Evaluations must simultaneously serve as marketing materials, release Key Performance Indicators (KPIs), and risk assessment tools—all while being produced (and translated into charts and figures) under intense time pressure.

Common Chart Mistakes

Even carefully planned evaluation charts can be misleading if they leave out underlying context or data. Within the AI research community, small numerical changes may fall within a statistical margin of error, yet companies face immense pressure to show meaningful progress. This leads to predictable visualization errors:

  • No Acknowledgement of Uncertainty: Without error bars or other visual cues indicating variability, charts can hide statistical uncertainty and prevent readers from assessing whether improvements are statistically significant or simply noise. For example, error bars are useful for evaluations with repeated experiments and many examples, while other approaches may be appropriate for small or non-independent datasets.
  • Truncated Axes: Compressed scales exaggerate performance increases, making incremental improvements appear like major breakthroughs which are crucial when trying to justify a new model release.
  • Selective Reporting: Cherry-picked results that support the narrative without providing counter-examples or failed experiments, often driven by the need to present a compelling product story.
  • Missing Context: Omits critical details like test set size, variance, methodology changes, or comparison conditions, making replication difficult and hiding potential confounding factors. In many cases evaluation data is not public, so charts are impossible to reproduce. Ideally, details important to interpreting results should at least be included in captions or footnotes.

Our Road Towards Better Evaluation Results

Issues with charts are just one of the many challenges that the AI evaluation ecosystem faces. At EvalEval, we recognize that fixing AI evaluation documentation means collaboratively creating processes that can serve multiple stakeholders without compromising scientific integrity.

Some of our ongoing projects to improve AI evaluation include:

  • Evaluation Cards: Standardized documentation effort that shows eval sources across different categories and how complete the different evaluations are via an easy-to-understand UX.
  • Eval Infrastructure: Sharing evaluation is key for reproducibility, clarity, and progress. We build a unified, extensible framework for sharing evaluations across diverse tools by pioneering a universal format to share eval logs.
  • Eval Science: A Best Practices Framework to help define what constitutes a scientifically valid evaluation and how to create one.
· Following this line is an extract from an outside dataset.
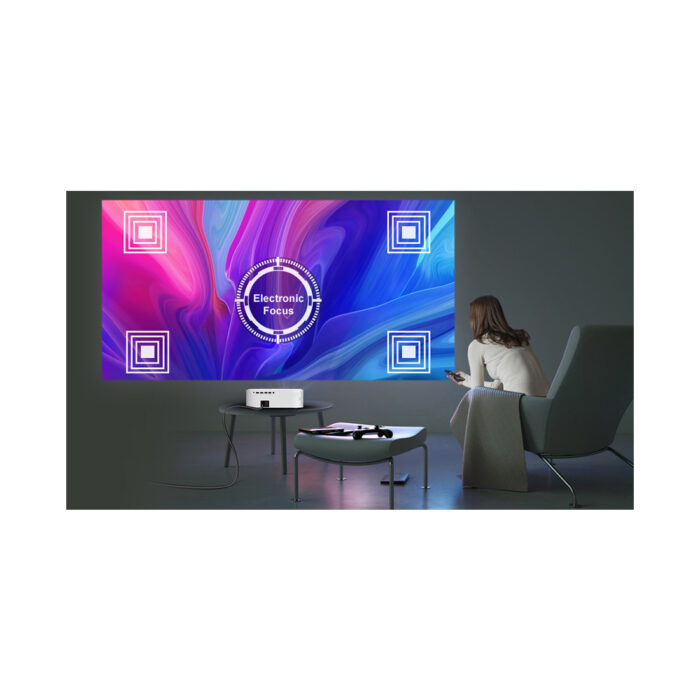 Проектор BYINTEK K45 Smart ( с автофокусом) — изображение 3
The AI community faces a choice: continue allowing business pressures to compromise evaluation integrity, or develop new standards that serve both scientific rigor and legitimate business needs. The stakes are too high: for science, public trust, and ultimately for the technology itself, to accept misleading presentations as the norm.

We invite the broader community to explore our work and join our mission to establish evaluation practices worthy of the transformative technology we’re building. The future of AI depends not just on better models, but on better ways of understanding and communicating what those models can actually do.